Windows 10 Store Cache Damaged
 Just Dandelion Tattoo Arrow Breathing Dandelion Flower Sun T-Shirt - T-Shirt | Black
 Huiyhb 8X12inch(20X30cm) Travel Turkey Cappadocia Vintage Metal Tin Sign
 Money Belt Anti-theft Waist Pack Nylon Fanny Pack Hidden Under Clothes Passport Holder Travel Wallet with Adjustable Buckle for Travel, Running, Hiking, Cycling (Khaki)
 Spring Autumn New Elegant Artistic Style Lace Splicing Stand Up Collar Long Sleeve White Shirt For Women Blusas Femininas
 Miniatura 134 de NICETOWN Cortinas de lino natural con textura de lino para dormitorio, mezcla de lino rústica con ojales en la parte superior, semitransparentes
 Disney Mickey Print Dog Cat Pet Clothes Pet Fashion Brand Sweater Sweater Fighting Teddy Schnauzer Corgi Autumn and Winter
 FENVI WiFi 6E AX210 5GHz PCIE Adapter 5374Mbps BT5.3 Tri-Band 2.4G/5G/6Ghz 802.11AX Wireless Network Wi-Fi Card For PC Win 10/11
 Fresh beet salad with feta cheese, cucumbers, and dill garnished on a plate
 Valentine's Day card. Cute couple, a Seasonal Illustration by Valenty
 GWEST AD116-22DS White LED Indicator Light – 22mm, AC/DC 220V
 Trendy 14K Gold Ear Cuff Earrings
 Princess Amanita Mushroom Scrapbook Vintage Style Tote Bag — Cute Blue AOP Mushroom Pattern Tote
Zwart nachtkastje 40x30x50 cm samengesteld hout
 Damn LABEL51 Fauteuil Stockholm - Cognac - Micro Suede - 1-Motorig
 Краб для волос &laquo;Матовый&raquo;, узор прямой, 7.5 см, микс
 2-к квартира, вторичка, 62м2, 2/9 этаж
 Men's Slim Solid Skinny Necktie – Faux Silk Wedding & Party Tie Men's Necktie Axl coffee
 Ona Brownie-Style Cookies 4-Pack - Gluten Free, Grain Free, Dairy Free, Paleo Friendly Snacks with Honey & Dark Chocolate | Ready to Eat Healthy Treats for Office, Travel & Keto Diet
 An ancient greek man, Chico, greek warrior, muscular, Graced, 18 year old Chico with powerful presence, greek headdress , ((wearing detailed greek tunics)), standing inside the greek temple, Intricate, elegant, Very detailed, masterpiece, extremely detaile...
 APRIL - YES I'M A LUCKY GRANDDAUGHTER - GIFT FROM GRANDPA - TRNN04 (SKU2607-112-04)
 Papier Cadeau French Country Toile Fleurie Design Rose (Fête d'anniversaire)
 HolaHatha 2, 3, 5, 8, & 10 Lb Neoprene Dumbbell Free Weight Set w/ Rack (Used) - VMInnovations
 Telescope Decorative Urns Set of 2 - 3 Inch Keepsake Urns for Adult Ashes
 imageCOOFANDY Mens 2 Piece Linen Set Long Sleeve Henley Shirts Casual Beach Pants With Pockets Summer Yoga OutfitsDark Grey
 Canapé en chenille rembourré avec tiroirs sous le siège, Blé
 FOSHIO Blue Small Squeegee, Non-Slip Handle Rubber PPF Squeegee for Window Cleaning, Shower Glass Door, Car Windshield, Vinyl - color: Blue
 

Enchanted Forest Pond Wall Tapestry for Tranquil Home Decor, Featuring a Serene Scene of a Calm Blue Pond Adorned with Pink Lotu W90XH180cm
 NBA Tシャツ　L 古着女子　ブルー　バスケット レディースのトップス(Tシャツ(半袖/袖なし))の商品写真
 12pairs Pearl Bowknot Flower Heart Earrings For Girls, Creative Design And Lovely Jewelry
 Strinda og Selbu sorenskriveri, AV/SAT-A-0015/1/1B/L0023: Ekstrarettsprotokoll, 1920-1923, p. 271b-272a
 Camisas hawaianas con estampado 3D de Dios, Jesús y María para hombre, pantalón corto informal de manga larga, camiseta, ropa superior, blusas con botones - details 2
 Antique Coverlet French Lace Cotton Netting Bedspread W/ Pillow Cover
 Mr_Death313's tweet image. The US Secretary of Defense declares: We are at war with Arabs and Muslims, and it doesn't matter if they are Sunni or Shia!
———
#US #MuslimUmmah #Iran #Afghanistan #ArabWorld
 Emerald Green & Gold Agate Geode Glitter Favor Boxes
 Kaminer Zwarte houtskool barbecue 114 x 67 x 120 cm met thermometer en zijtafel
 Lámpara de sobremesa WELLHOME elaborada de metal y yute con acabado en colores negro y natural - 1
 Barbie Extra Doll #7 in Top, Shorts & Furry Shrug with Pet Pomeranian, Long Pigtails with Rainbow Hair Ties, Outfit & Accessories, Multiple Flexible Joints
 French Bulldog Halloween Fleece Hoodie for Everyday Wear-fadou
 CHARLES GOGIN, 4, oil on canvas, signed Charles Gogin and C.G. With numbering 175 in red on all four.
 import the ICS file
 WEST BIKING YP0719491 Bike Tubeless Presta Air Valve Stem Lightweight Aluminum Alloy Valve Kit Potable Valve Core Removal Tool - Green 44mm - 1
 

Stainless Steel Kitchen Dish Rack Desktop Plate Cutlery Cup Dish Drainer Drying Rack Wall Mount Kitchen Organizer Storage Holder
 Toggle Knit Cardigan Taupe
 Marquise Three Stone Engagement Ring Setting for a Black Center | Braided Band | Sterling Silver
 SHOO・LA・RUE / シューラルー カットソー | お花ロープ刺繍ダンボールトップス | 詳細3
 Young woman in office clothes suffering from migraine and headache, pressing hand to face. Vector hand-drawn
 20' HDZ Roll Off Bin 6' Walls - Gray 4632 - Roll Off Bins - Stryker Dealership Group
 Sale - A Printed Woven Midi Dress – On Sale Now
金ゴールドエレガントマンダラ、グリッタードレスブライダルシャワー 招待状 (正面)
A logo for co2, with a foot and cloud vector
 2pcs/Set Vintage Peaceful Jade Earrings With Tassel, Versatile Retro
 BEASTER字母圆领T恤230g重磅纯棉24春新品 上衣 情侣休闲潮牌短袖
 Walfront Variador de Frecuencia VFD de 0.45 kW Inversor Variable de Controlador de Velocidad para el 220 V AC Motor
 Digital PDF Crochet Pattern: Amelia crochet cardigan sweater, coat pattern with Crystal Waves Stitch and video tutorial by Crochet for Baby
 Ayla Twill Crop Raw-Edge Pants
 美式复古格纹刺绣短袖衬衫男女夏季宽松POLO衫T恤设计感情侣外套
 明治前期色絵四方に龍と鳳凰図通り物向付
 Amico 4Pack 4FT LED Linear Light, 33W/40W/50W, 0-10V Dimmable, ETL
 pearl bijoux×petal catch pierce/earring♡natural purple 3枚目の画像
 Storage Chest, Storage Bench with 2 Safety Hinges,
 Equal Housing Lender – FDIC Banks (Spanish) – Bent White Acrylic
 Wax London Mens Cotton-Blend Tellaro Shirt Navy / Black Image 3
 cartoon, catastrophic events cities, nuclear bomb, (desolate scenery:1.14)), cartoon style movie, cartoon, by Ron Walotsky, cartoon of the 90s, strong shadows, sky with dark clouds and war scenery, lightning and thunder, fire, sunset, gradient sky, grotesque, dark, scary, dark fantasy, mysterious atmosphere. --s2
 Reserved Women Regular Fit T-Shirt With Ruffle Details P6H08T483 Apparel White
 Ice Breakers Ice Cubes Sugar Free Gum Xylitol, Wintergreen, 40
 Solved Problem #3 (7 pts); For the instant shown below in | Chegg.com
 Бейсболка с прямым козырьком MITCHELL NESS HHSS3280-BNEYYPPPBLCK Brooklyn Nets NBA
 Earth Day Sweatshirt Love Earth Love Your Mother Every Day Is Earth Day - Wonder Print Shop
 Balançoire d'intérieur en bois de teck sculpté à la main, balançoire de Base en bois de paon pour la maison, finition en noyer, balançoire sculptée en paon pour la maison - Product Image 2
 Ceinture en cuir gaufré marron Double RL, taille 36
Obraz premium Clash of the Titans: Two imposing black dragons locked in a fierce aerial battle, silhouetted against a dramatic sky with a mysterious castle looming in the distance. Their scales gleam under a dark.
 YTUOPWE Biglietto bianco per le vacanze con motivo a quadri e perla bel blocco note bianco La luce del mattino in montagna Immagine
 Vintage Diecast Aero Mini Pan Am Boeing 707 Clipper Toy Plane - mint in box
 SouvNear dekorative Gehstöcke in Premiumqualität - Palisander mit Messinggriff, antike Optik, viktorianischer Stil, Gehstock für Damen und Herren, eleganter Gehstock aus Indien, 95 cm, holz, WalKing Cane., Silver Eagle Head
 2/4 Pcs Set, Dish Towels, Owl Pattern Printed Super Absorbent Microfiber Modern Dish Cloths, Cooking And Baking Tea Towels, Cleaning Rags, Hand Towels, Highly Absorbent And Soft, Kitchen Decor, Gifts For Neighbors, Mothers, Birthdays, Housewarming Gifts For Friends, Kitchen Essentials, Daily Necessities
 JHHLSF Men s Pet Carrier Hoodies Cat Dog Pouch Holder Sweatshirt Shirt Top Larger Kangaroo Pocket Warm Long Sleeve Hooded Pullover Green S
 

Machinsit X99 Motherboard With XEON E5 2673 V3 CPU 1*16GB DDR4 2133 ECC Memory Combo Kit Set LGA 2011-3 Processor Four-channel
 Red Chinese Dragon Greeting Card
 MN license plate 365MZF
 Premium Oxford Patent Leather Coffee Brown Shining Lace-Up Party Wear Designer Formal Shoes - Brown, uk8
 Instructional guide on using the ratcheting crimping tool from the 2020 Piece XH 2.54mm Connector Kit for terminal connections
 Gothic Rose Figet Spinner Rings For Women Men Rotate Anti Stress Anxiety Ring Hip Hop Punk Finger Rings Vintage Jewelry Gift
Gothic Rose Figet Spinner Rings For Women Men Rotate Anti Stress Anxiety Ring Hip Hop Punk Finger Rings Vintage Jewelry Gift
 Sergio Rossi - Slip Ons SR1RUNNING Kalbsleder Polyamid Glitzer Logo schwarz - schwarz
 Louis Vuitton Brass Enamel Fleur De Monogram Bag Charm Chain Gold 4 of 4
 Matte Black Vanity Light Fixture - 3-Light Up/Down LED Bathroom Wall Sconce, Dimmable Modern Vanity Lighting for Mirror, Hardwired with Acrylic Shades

**Task instructions**
When you reach the line containing "French Bulldog Halloween" in the data above, start copying exactly, and stop after the line containing "SHOO・LA・RUE / シューラルー".

**Solution below**
 French Bulldog Halloween Fleece Hoodie for Everyday Wear-fadou
 CHARLES GOGIN, 4, oil on canvas, signed Charles Gogin and C.G. With numbering 175 in red on all four.
 import the ICS file
 WEST BIKING YP0719491 Bike Tubeless Presta Air Valve Stem Lightweight Aluminum Alloy Valve Kit Potable Valve Core Removal Tool - Green 44mm - 1
 

Stainless Steel Kitchen Dish Rack Desktop Plate Cutlery Cup Dish Drainer Drying Rack Wall Mount Kitchen Organizer Storage Holder
 Toggle Knit Cardigan Taupe
 Marquise Three Stone Engagement Ring Setting for a Black Center | Braided Band | Sterling Silver
 SHOO・LA・RUE / シューラルー カットソー | お花ロープ刺繍ダンボールトップス | 詳細3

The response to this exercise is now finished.